Well, that’s the attitude of the group of people who question Jesus in our Gospel text today. This group of Galilean pilgrims had been attacked and massacred while they were in the process of offering a sacrifice at the Temple? What did they do to deserve that? This was an act of state-sponsored terror. Jesus offers another example – what about the accident where the tower by the Pool of Siloam collapsed and killed 18 men? Was that because God was punishing them? To both questions Jesus answers an unequivocal NO. This is not God “getting even” or meting out punishment. These events happened. Period. We live in a fallen and imperfect world where these kinds of things happen, and while it is natural for us to search for a “reason” sometimes there is no “reason.” And, regardless, it is never the case that God is “causing” bad things to happen for some reason.

Within the last couple months we (the world community) have experienced two horrific earthquakes. Thousands of people of been killed, many more displaced and continue to suffer. There have been voices that have suggested that the Haiti earthquake was deserved, or that God had caused it for some reason as punishment. We heard the same kinds of things said after Katrina, and even after 9/11. If this is true, what an angry and terrible God we worship, who would destroy so many innocents in order to simply make a point.

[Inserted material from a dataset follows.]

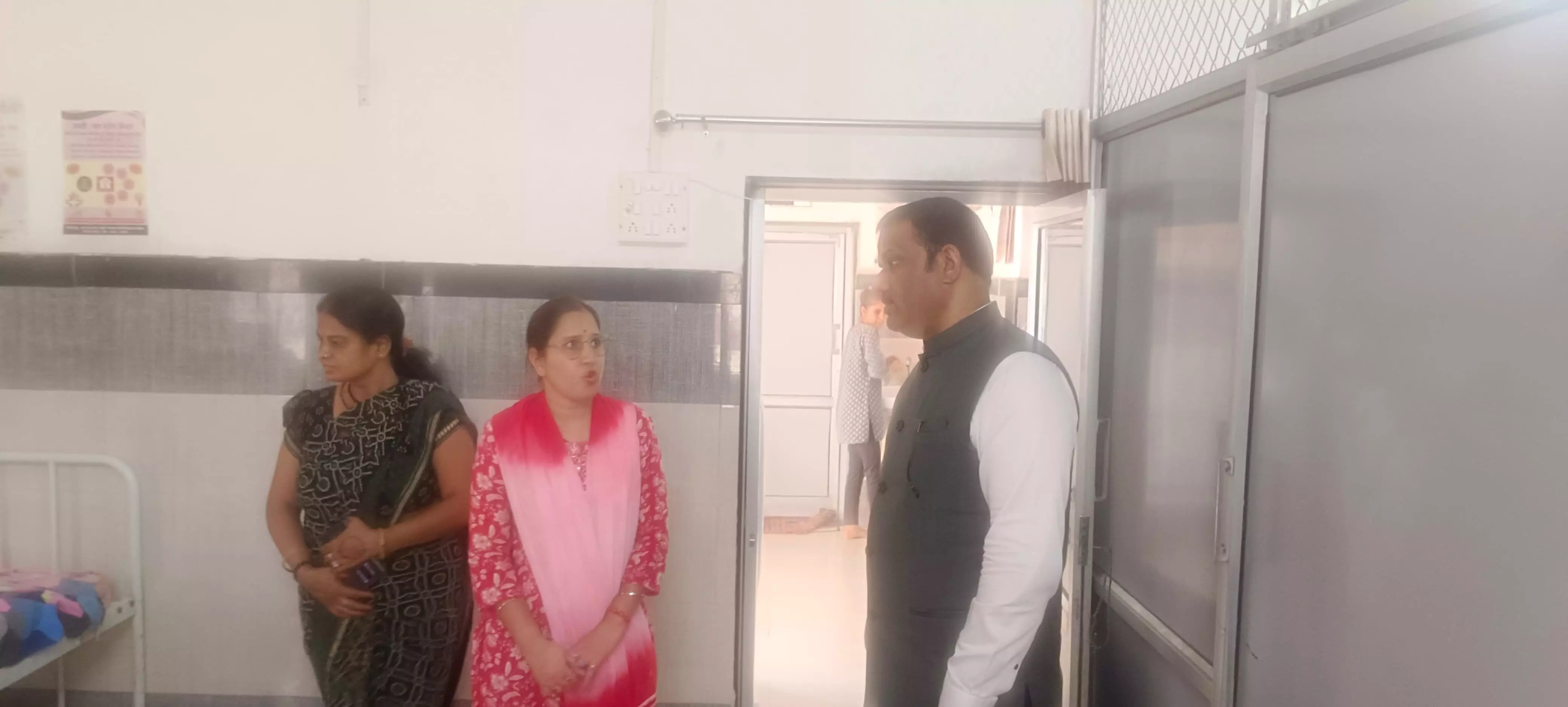 जिला विधिक सेवा प्राधिकरण ने किया बाल सम्प्रेषण एवं किशोर गृह पालडी निरीक्षण जिला विधिक सेवा प्राधिकरण ने किया बाल सम्प्रेषण एवं किशोर गृह पालडी निरीक्षण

But that is not how God works. Jesus makes that very clear and he even betrays a little impatience with the suggestion: “Do, you think they were worse offenders than all the others living in Jerusalem? No, I tell you…” NO, that is not how God works! You need to not be so concerned with judging and look to yourselves, Jesus tells them. You need to repent and live lives that reflect God’s love and grace. We will all perish, because we are mortal – but it won’t be because God is zapping us.

So, if this is not how God breaks into the world – then how do we experience God? How is God active in the world? Well…. There was a man who had a fig tree… This parable suggests that we experience God as patient and nurturing; always expecting the best from us and being willing to wait and help us become fruitful in our lives. How else is God active in the world? Look at Jesus’ ministry – reaching out to others, loving, healing, caring for others. This is how we experience God. So is God in the earthquake and in the accidents and in the bad things that happen to us. Yes, God is there with us: comforting us, caring for us, working with us to bring good out of bad. That is the promise of the Gospel!